Coba perhatikan alasan kenapa mereka ingin bekerja. Sebagian besar alasannya pasti karena ingin meringankan biaya keluarga di kampung halaman. Mereka dengan sukarela, mengirimkan hasil keringat dan kerja kerasnya setiap bulan untuk keluarga yang sedang menunggu uluran tangan. Entah itu untuk tambahan biaya hidup, biaya sekolah anak-anak atau adik-adiknya, biaya berobat serta beberapa biaya keperluan lainnya yang tak pernah kita ketahui. Secara tidak langsung dari mereka, saya pun belajar mengenai jiwa sosial.

Rasanya, tidak pernah ada keluhan dari bibir mereka ketika upah yang telah dinanti-nanti selama kurang lebih 30 hari, harus dikirimkan pada keluarga di kampung. Mereka justru merasa bangga dan gembira dapat membantu keluarga di kampung dengan uang tersebut.

"Ada semacam kebahagiaan yang tak tergambarkan di sini, Bu."

Sambil menunjuk dada, begitu perkataan yang pernah saya dengar dari salah satu asisten pribadi tentang alasan jiwa sosialnya dalam membantu keluarga di kampung.

Menjalankan tugas rutin ibu rumah tangga all in tanpa bantuan asisten pribadi, semakin dapat saya merasakan begitu berjasa dan berharganya tenaga mereka. Saya pernah membaca bahwa salah satu organisasi di Singapura yang bernama Transient Workers Count Too (TWC2), telah memberikan sertifikat penghargaan kepada PRT atau PLRT asli Indonesia yang bernama Sajiem (50 tahun) asal Kranji, Ciputat, Jakarta sebagai ucapan terima kasih karena telah bekerja selama sepuluh tahun pada satu majikan. Ia dipandang telah ikut berjasa untuk kemajuan ekonomi keluarga dan ekonomi Singapura.
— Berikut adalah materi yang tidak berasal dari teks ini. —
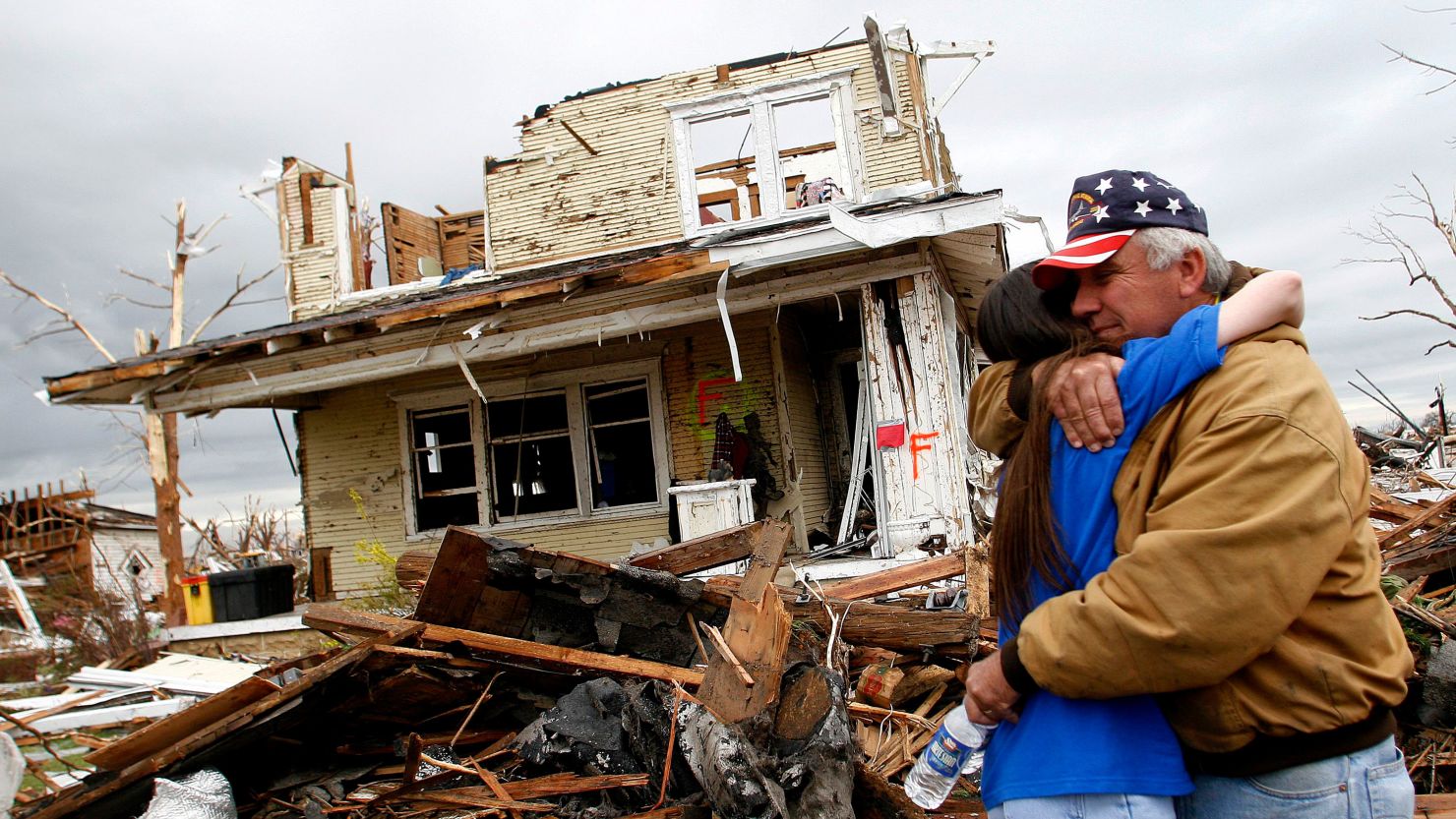 Lonnie McCollum, mayor of Greensburg, Kansas, is comforted by his daughter Shana Pittenger in front of his destroyed home on May 9, 2007. An EF-5 tornado leveled nearly the entire town.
Membaca berita tersebut membuat saya teranguk-angguk ikut menyetujui.

Memang, kadang kita lupa mereka pun sama, manusia yang perlu dihargai, dihormati dan diperlakukan secara layak. Sudah sepantasnya kita menghargai jerih payah dan keinginannya untuk memberi bantuan pada kita mengerjakan tugas rumah tangga meski tanpa adanya limitasi pekerjaan, waktu kerja yang tidak jelas serta gaji yang kecil.

Kesalahan, kekhilafan dalam pekerjaan yang kadang dilakukan para asisten pribadi ini, tak lebih karena mereka pun sama seperti kita, mahluk ciptaan Allah swt. Bukankah tidak ada manusia yang luput dari kesalahan? Berlapang dada memafkan dan membimbingnya ke arah yang lebih baik merupakan hal yang terbaik. Mereka adalah salah satu amanah yang kelak akan kita pertanggungjawabkan di depan mahkamah Allah swt.

Atas semua jasa dan pengabdian para `asisten pribadi-pegawai rumah tangga` di manapun adanya, saya ucapkan terima kasih disertai penghargaan yang mendalam. Hanya Allah swt yang dapat membalas semua kebaikan yang telah diberikan dengan tulus. Jazaakumullah khairan katsiran.